■ Work task
The entries below must be transcribed exactly. Leave nothing out.

□ □ □ □ □ □ □

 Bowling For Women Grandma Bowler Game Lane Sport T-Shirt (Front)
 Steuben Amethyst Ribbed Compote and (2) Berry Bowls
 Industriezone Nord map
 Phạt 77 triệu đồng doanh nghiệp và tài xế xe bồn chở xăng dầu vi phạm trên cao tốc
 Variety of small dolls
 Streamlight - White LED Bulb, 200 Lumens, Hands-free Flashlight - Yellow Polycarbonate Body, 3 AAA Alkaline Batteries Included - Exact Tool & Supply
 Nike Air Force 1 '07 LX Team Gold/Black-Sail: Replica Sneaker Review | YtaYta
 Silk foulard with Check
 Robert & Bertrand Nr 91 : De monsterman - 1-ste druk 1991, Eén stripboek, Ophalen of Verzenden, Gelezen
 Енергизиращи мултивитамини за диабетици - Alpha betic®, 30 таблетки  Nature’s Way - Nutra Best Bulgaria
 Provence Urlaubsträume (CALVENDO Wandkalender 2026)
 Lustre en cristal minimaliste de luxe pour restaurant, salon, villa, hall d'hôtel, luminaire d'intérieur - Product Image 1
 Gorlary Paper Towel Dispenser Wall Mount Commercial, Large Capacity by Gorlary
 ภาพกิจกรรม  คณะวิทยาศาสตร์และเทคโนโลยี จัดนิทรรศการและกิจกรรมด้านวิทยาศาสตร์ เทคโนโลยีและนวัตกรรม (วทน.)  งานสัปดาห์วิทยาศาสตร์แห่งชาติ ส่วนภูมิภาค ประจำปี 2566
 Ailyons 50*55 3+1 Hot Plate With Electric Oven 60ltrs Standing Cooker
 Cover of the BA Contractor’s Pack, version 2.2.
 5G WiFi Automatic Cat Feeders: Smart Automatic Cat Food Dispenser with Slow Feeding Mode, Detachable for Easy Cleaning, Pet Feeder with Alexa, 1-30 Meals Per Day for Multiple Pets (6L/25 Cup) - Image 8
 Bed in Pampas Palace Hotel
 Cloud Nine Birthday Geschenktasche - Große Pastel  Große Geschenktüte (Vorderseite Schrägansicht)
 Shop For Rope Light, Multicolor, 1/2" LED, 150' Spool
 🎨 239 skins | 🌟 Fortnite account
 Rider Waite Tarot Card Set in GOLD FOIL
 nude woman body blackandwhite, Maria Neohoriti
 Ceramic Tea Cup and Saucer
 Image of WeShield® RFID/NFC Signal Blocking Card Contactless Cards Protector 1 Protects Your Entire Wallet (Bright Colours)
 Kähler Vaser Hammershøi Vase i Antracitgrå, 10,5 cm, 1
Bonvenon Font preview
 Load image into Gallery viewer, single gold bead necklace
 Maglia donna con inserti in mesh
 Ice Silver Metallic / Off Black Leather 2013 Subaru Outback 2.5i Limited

□ □ □ □ □ □ □

■ Exercise answer
 Bowling For Women Grandma Bowler Game Lane Sport T-Shirt (Front)
 Steuben Amethyst Ribbed Compote and (2) Berry Bowls
 Industriezone Nord map
 Phạt 77 triệu đồng doanh nghiệp và tài xế xe bồn chở xăng dầu vi phạm trên cao tốc
 Variety of small dolls
 Streamlight - White LED Bulb, 200 Lumens, Hands-free Flashlight - Yellow Polycarbonate Body, 3 AAA Alkaline Batteries Included - Exact Tool & Supply
 Nike Air Force 1 '07 LX Team Gold/Black-Sail: Replica Sneaker Review | YtaYta
 Silk foulard with Check
 Robert & Bertrand Nr 91 : De monsterman - 1-ste druk 1991, Eén stripboek, Ophalen of Verzenden, Gelezen
 Енергизиращи мултивитамини за диабетици - Alpha betic®, 30 таблетки  Nature’s Way - Nutra Best Bulgaria
 Provence Urlaubsträume (CALVENDO Wandkalender 2026)
 Lustre en cristal minimaliste de luxe pour restaurant, salon, villa, hall d'hôtel, luminaire d'intérieur - Product Image 1
 Gorlary Paper Towel Dispenser Wall Mount Commercial, Large Capacity by Gorlary
 ภาพกิจกรรม  คณะวิทยาศาสตร์และเทคโนโลยี จัดนิทรรศการและกิจกรรมด้านวิทยาศาสตร์ เทคโนโลยีและนวัตกรรม (วทน.)  งานสัปดาห์วิทยาศาสตร์แห่งชาติ ส่วนภูมิภาค ประจำปี 2566
 Ailyons 50*55 3+1 Hot Plate With Electric Oven 60ltrs Standing Cooker
 Cover of the BA Contractor’s Pack, version 2.2.
 5G WiFi Automatic Cat Feeders: Smart Automatic Cat Food Dispenser with Slow Feeding Mode, Detachable for Easy Cleaning, Pet Feeder with Alexa, 1-30 Meals Per Day for Multiple Pets (6L/25 Cup) - Image 8
 Bed in Pampas Palace Hotel
 Cloud Nine Birthday Geschenktasche - Große Pastel  Große Geschenktüte (Vorderseite Schrägansicht)
 Shop For Rope Light, Multicolor, 1/2" LED, 150' Spool
 🎨 239 skins | 🌟 Fortnite account
 Rider Waite Tarot Card Set in GOLD FOIL
 nude woman body blackandwhite, Maria Neohoriti
 Ceramic Tea Cup and Saucer
 Image of WeShield® RFID/NFC Signal Blocking Card Contactless Cards Protector 1 Protects Your Entire Wallet (Bright Colours)
 Kähler Vaser Hammershøi Vase i Antracitgrå, 10,5 cm, 1
Bonvenon Font preview
 Load image into Gallery viewer, single gold bead necklace
 Maglia donna con inserti in mesh
 Ice Silver Metallic / Off Black Leather 2013 Subaru Outback 2.5i Limited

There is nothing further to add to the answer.